¿Qué hacer con los creadores que, en cualquier ámbito de la cultura, destacan no únicamente por su remarcable aportación sino además, y especialmente, por su infamia, perversidad, machismo, violencia, o abuso?
Anécdotas, lo sabemos, hay muchas, y la lista de personajes que gaslightearon, golpearon, violaron o asesinaron es encabronadamente robusta y en repetidas ocasiones toca con individuos que nuestro ignorante afecto ha encumbrado e incluso defendido de la cancelación.
Acción, ésta última que padecen con especial dolor en las rodillas y en su gastritis nuestros boomers queridos.

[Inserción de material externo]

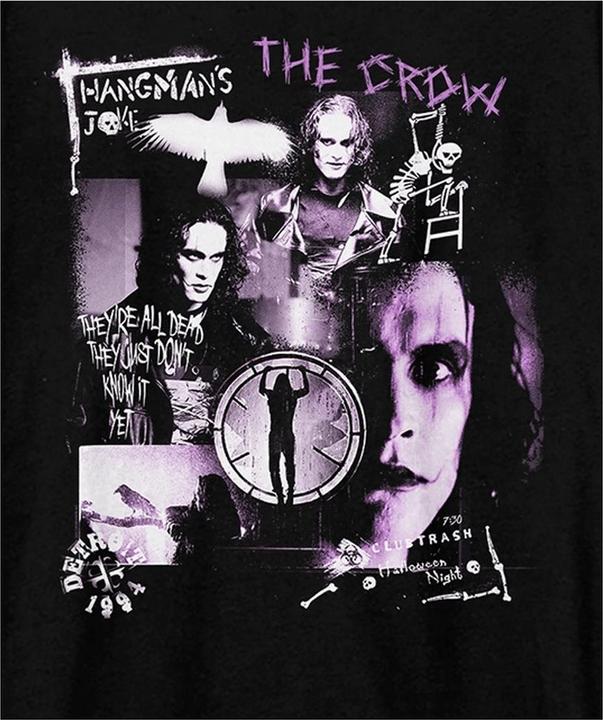 Produktbild Amplified Hangman TShirt (3XL)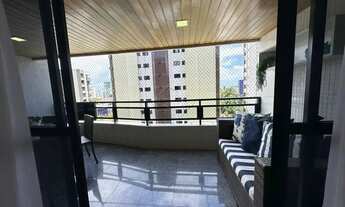 Imagem 5: Oportunidade! Apartamento à Venda em Tambaú com 197m2, 3 Suítes, 2 Vagas de Garagens e Vis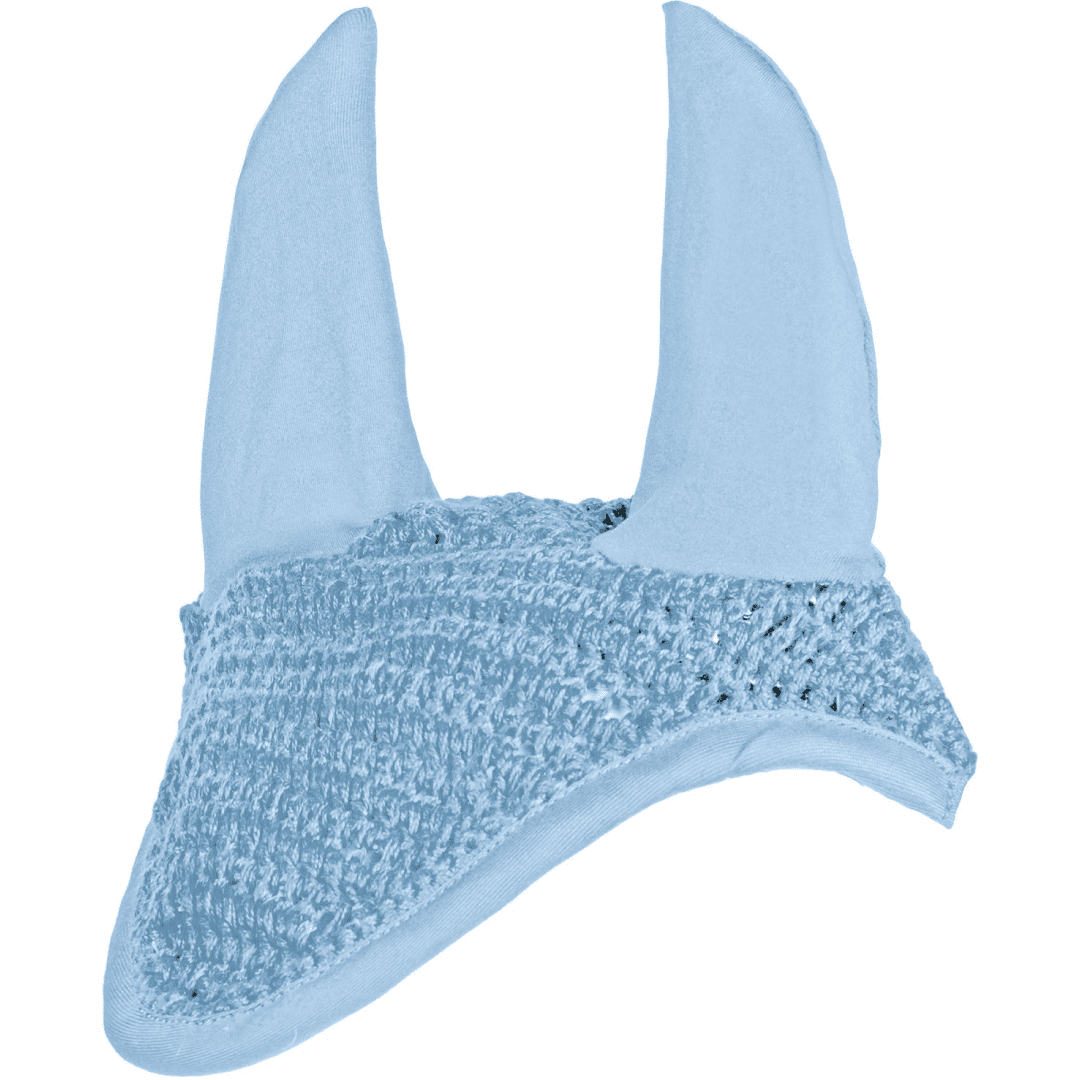 HKM Allround Ear Bonnet #colour_aqua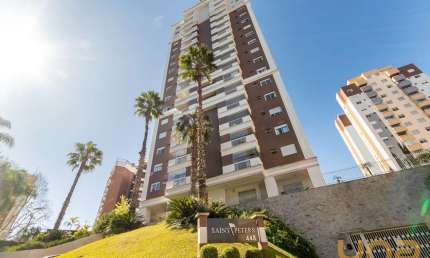 Apartamento 3 quartos  no - Ahú - HABITEC - 01763.001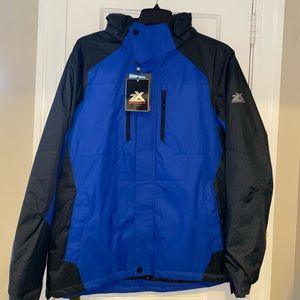XXL Zeroxposur men’s winter jacket w/hood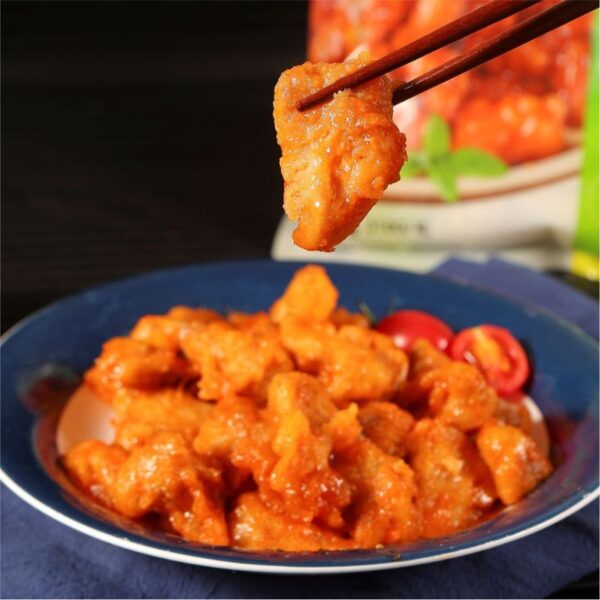 Plant Based Lion’s Manes Tenderloin 素猴菇里脊 - Image 5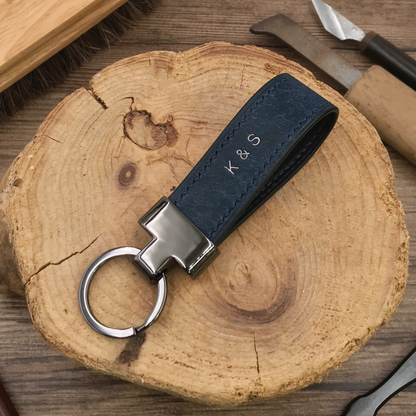 Pueblo Leather | Key Fob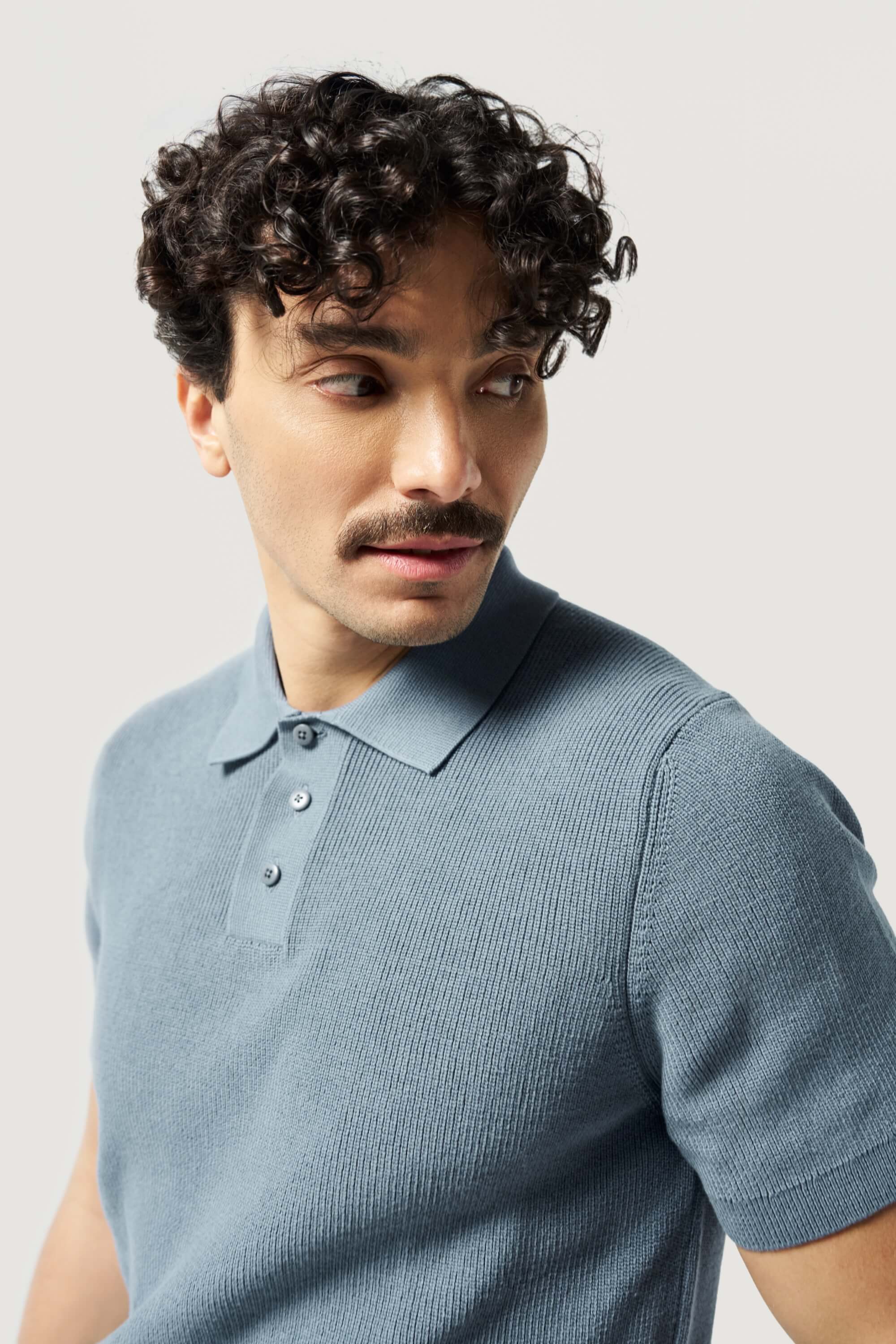 Le polo en maille - Image 6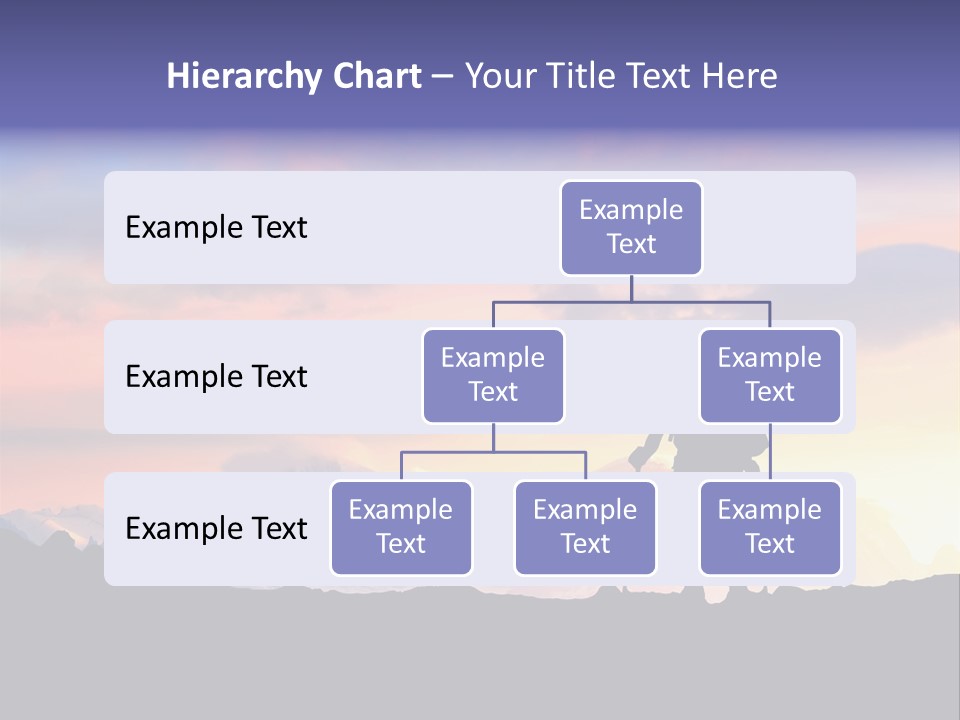 Extreme Exploration Enjoyment PowerPoint Template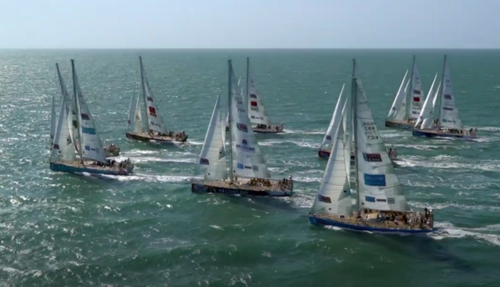The Oceans are Our Race Track | The Clipper Race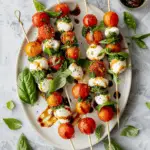 Best Caprese Skewers
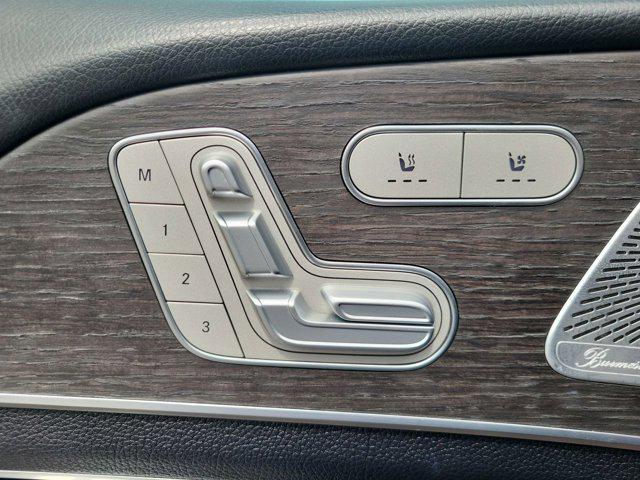 used 2021 Mercedes-Benz GLE 350 car, priced at $35,188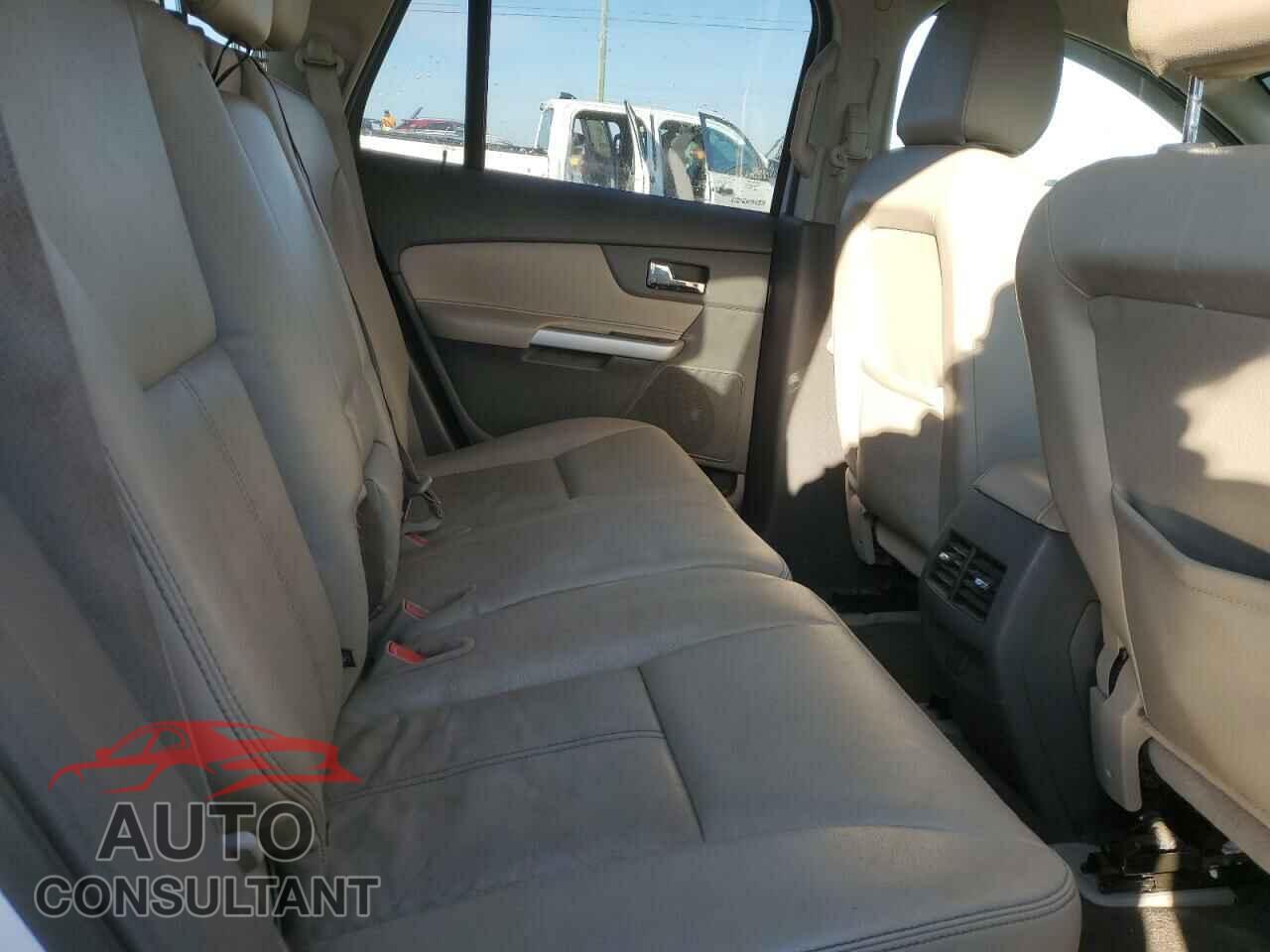 FORD EDGE 2014 - 2FMDK3JC4EBA54005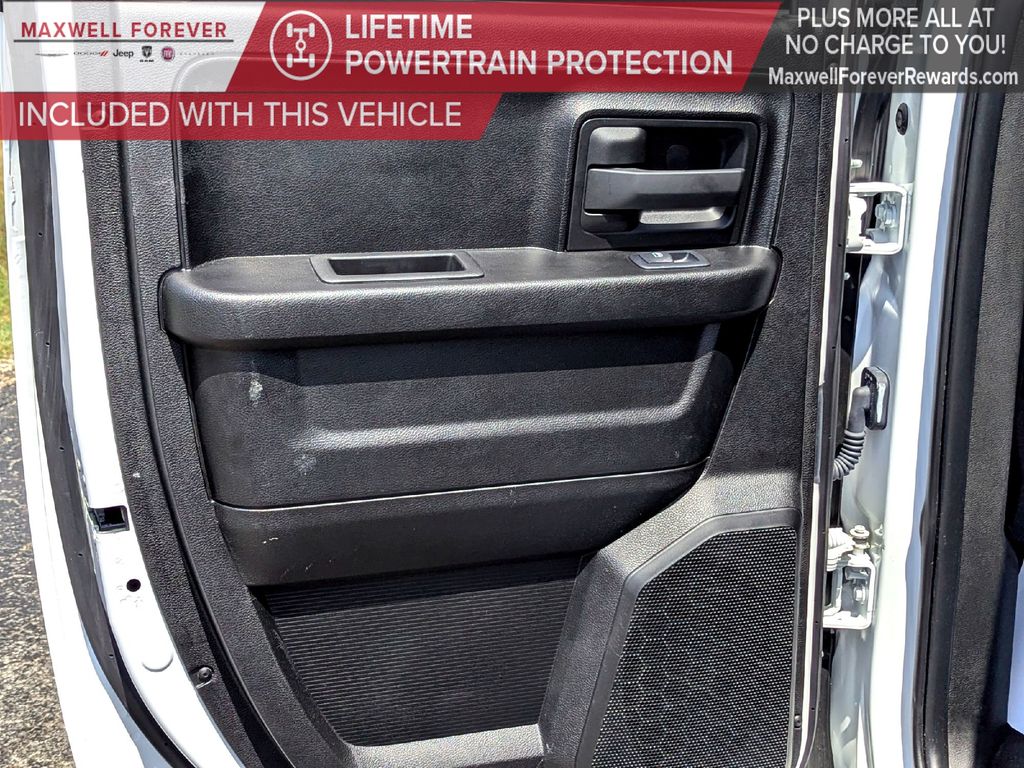 Used Car 2023 Ram 1500 Classic  Tradesman For Sale In Taylor, Texas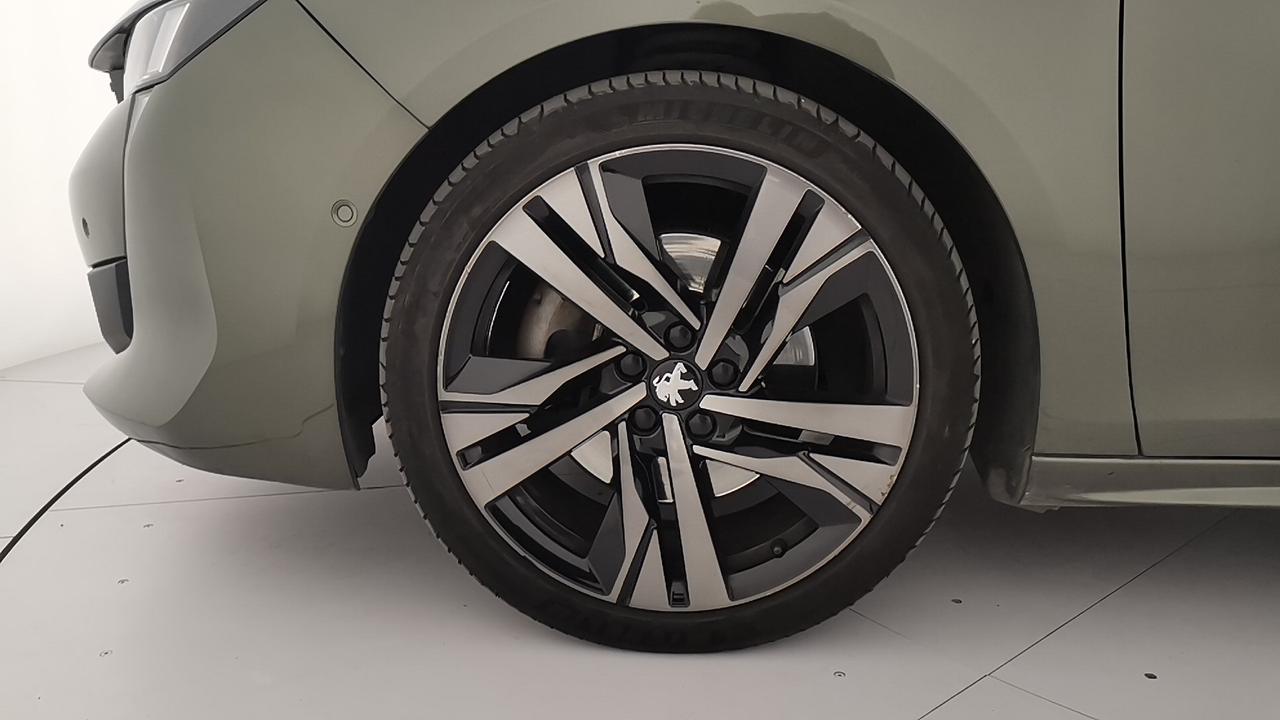 PEUGEOT 508 II SW - 508 SW 2.0 bluehdi GT Line s&s 180cv eat8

Pero la cancelación no es un despropósito per se, es un acontecimiento que nos permite revisar en su dimensión más amplia a los creadores para entenderlos sin terminar en el consabido maniqueísmo porrista. Así es que venimos a enterarnos que esas plumas, pinceles o cinceles no están más allá de la corriente multidimensionalidad moral en la que nosotros también vivimos.
Si la historia y el periodismo escarban un poco serán capaces de encontrar, en todos nuestros paladines de la cultura, algún inconveniente que nos erice los pelos o nos revuelva el estómago y, la intención, que quede claro, es poner de relieve la diferencia moral porque quizá, sólo a través de esa conciencia, seamos capaces de transformar la creación contemporánea, sus acciones y sus motivaciones.
¿Qué hacer con los autores perversos? Entenderlos a ellos, no justificarlos o glorificarlos, y abrir el camino hacia nuestra propia diferencia.